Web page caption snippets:
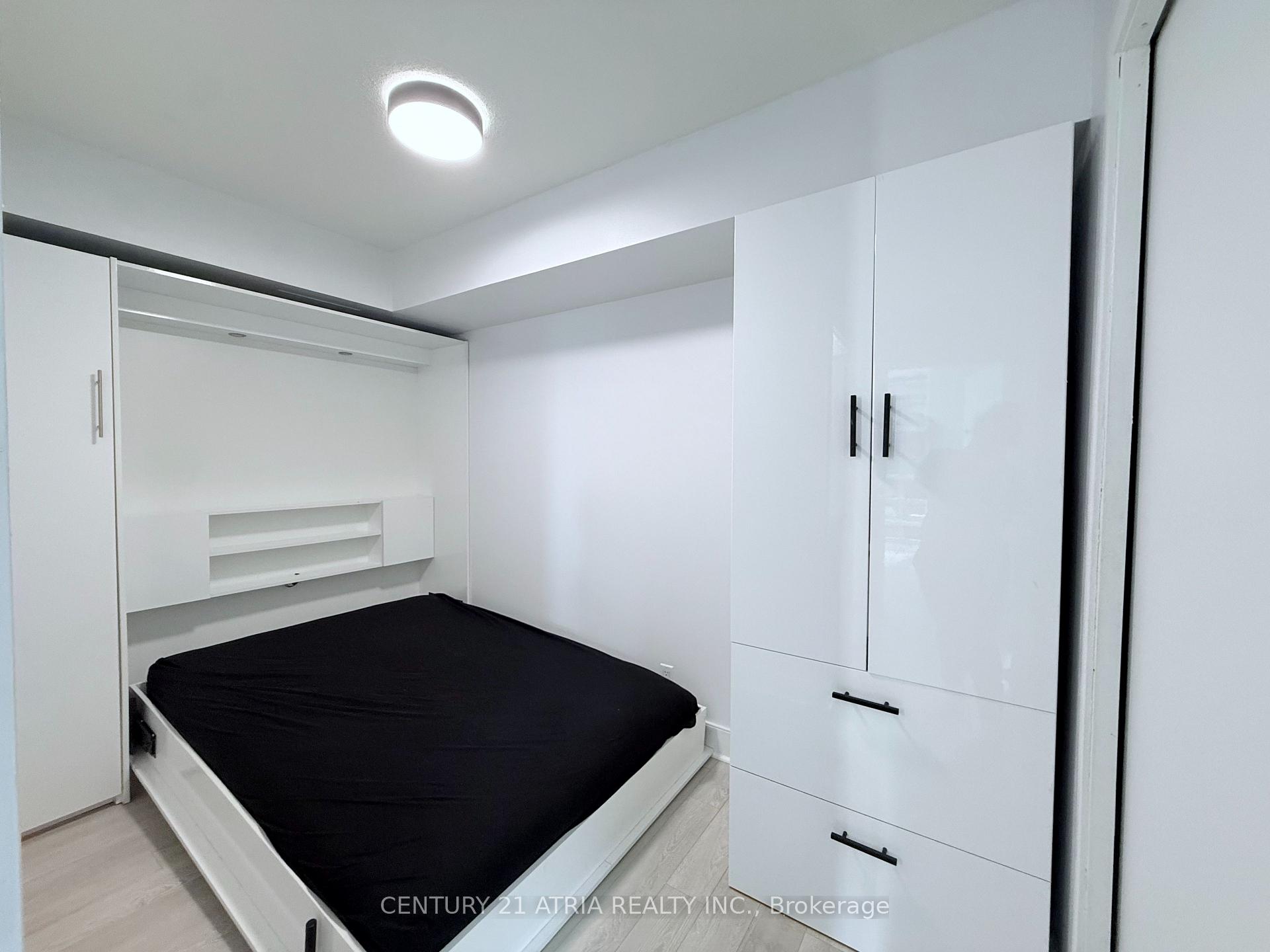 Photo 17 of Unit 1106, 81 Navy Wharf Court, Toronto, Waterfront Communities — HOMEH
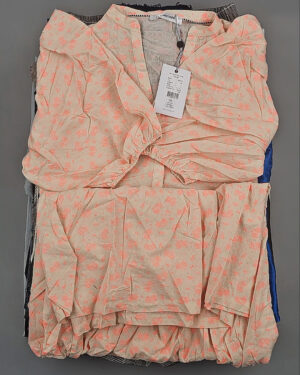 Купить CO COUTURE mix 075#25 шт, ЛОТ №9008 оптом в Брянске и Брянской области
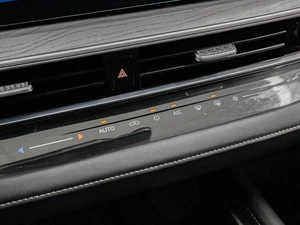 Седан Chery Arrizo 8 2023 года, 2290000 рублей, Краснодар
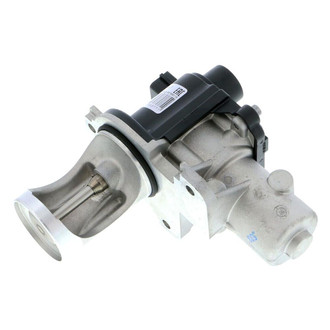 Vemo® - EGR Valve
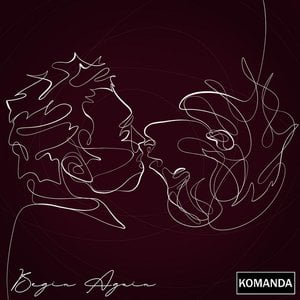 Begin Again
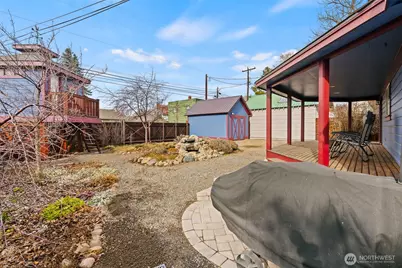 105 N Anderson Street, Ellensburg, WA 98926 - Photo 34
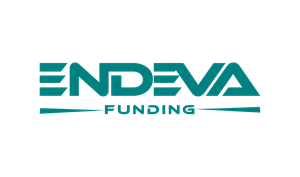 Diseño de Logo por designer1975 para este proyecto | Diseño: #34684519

> _WHAT IS BEING ASKED_
The answer should be the records above, unchanged, with the pictures omitted.

> _REPLY_
 Photo 17 of Unit 1106, 81 Navy Wharf Court, Toronto, Waterfront Communities — HOMEH
 Купить CO COUTURE mix 075#25 шт, ЛОТ №9008 оптом в Брянске и Брянской области
 Седан Chery Arrizo 8 2023 года, 2290000 рублей, Краснодар
 Vemo® - EGR Valve
 Begin Again
 105 N Anderson Street, Ellensburg, WA 98926 - Photo 34
 Diseño de Logo por designer1975 para este proyecto | Diseño: #34684519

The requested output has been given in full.